• _YOUR TASK_
Your task is to repeat the data exactly, every line of it.

• _MATERIAL TO PROCESS_
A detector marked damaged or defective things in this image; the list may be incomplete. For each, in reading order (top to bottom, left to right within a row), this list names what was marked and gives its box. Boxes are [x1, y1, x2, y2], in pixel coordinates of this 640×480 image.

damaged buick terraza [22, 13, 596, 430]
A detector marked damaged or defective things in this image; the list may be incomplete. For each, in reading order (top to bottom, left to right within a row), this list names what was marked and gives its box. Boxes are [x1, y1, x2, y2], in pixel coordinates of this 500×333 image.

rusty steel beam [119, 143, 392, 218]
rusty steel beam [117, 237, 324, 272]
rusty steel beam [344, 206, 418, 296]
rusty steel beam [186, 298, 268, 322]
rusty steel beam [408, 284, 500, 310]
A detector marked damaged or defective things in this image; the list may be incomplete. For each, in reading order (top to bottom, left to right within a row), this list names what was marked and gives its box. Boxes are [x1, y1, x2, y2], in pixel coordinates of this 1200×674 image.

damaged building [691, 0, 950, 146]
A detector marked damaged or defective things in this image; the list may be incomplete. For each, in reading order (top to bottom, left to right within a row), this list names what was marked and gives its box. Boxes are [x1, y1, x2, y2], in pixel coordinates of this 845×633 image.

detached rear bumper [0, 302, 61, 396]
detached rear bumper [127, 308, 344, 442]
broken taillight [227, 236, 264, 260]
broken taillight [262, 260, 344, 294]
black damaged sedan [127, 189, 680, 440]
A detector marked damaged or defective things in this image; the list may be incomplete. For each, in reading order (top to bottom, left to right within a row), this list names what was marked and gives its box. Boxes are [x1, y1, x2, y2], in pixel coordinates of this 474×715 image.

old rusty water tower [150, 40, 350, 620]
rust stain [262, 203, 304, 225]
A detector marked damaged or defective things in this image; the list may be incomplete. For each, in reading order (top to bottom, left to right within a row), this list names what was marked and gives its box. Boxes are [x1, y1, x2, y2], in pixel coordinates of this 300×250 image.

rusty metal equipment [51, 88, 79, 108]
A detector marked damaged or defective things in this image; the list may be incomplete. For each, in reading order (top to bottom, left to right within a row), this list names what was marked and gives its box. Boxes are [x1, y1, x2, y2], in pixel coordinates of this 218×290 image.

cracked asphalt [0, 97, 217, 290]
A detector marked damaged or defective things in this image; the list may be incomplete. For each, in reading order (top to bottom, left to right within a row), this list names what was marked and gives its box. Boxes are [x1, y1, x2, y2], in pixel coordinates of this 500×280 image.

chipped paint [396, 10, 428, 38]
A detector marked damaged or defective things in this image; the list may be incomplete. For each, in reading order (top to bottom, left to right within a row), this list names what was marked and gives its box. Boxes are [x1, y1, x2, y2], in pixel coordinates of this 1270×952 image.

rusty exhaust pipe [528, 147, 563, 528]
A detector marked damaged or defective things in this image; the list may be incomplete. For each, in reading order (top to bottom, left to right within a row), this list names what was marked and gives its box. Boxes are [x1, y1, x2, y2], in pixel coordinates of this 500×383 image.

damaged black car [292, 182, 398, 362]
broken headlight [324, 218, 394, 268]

• _PROBLEM SOLUTION_
A detector marked damaged or defective things in this image; the list may be incomplete. For each, in reading order (top to bottom, left to right within a row), this list names what was marked and gives its box. Boxes are [x1, y1, x2, y2], in pixel coordinates of this 640×480 image.

damaged buick terraza [22, 13, 596, 430]
A detector marked damaged or defective things in this image; the list may be incomplete. For each, in reading order (top to bottom, left to right within a row), this list names what was marked and gives its box. Boxes are [x1, y1, x2, y2], in pixel coordinates of this 500×333 image.

rusty steel beam [119, 143, 392, 218]
rusty steel beam [117, 237, 324, 272]
rusty steel beam [344, 206, 418, 296]
rusty steel beam [186, 298, 268, 322]
rusty steel beam [408, 284, 500, 310]
A detector marked damaged or defective things in this image; the list may be incomplete. For each, in reading order (top to bottom, left to right within a row), this list names what was marked and gives its box. Boxes are [x1, y1, x2, y2], in pixel coordinates of this 1200×674 image.

damaged building [691, 0, 950, 146]
A detector marked damaged or defective things in this image; the list may be incomplete. For each, in reading order (top to bottom, left to right within a row), this list names what was marked and gives its box. Boxes are [x1, y1, x2, y2], in pixel coordinates of this 845×633 image.

detached rear bumper [0, 302, 61, 396]
detached rear bumper [127, 308, 344, 442]
broken taillight [227, 236, 264, 260]
broken taillight [262, 260, 344, 294]
black damaged sedan [127, 189, 680, 440]
A detector marked damaged or defective things in this image; the list may be incomplete. For each, in reading order (top to bottom, left to right within a row), this list names what was marked and gives its box. Boxes are [x1, y1, x2, y2], in pixel coordinates of this 474×715 image.

old rusty water tower [150, 40, 350, 620]
rust stain [262, 203, 304, 225]
A detector marked damaged or defective things in this image; the list may be incomplete. For each, in reading order (top to bottom, left to right within a row), this list names what was marked and gives its box. Boxes are [x1, y1, x2, y2], in pixel coordinates of this 300×250 image.

rusty metal equipment [51, 88, 79, 108]
A detector marked damaged or defective things in this image; the list may be incomplete. For each, in reading order (top to bottom, left to right within a row), this list names what was marked and gives its box. Boxes are [x1, y1, x2, y2], in pixel coordinates of this 218×290 image.

cracked asphalt [0, 97, 217, 290]
A detector marked damaged or defective things in this image; the list may be incomplete. For each, in reading order (top to bottom, left to right within a row), this list names what was marked and gives its box. Boxes are [x1, y1, x2, y2], in pixel coordinates of this 500×280 image.

chipped paint [396, 10, 428, 38]
A detector marked damaged or defective things in this image; the list may be incomplete. For each, in reading order (top to bottom, left to right within a row), this list names what was marked and gives its box. Boxes are [x1, y1, x2, y2], in pixel coordinates of this 1270×952 image.

rusty exhaust pipe [528, 147, 563, 528]
A detector marked damaged or defective things in this image; the list may be incomplete. For each, in reading order (top to bottom, left to right within a row), this list names what was marked and gives its box. Boxes are [x1, y1, x2, y2], in pixel coordinates of this 500×383 image.

damaged black car [292, 182, 398, 362]
broken headlight [324, 218, 394, 268]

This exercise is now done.